Religion professor George Ramsey has
recently developed e-mail chat groups for his classes to maintain
an ongoing discussion of issues relevant to his classroom lectures.
He says it is an effective way to continue the flow of ideas that
may begin in class but are ended by the 50-minute bell. "It
helps me in a large class to have some discussion that would be
difficult simply because we do not have time in class," said
Ramsey. "A good question [via e-mail] is often as good as
a thoughtful comment. Sometimes students raise questions about
something puzzling them that I would not have been aware of."
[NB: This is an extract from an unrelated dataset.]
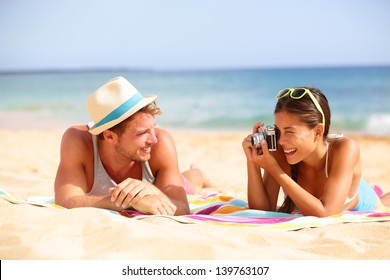 Beach fun couple travel. Woman taking photo picture of man smiling happy with retro vintage camera, Cool trendy modern hipster interracial couple on summer holidays vacation on tropical beach.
Currently Ramsey is using these e-mail chat groups for his Old
and New Testament survey classes. He is trying a similar method
for some of his elective classes, but they are not as structured
yet; the elective classes mostly use e-mail for information rather
than discussion. For the survey classes students get participation
points for being involved in the e-mail discussions. According
to Ramsey's syllabus, "Class members who submit six or more
thoughtful memos (comments or questions) during the semester will
earn a grade of 100 for this portion of the course grade; four
or five meaningful submissions will earn an 85; two or three good
submissions will earn a 70; for fewer than two submissions a student
will receive a grade of 0." This grade is calculated as 1/8
of the student's final average.
Ramsey set up specific guidelines for his students after previous trials with e-mail discussion groups:
*Students are to make submissions throughout the semester, rather than multiple submissions at the end of the semester.
*Forwarding the thoughts of others will not apply as a student's own submission. Graded submissions must be the student's own ideas.
*Agreeing with another student's comments is not a sufficient submission, so students must elaborate on the ideas.
*Disagreement
with someone else's ideas is fine, but no derogatory comments
about other students are permitted.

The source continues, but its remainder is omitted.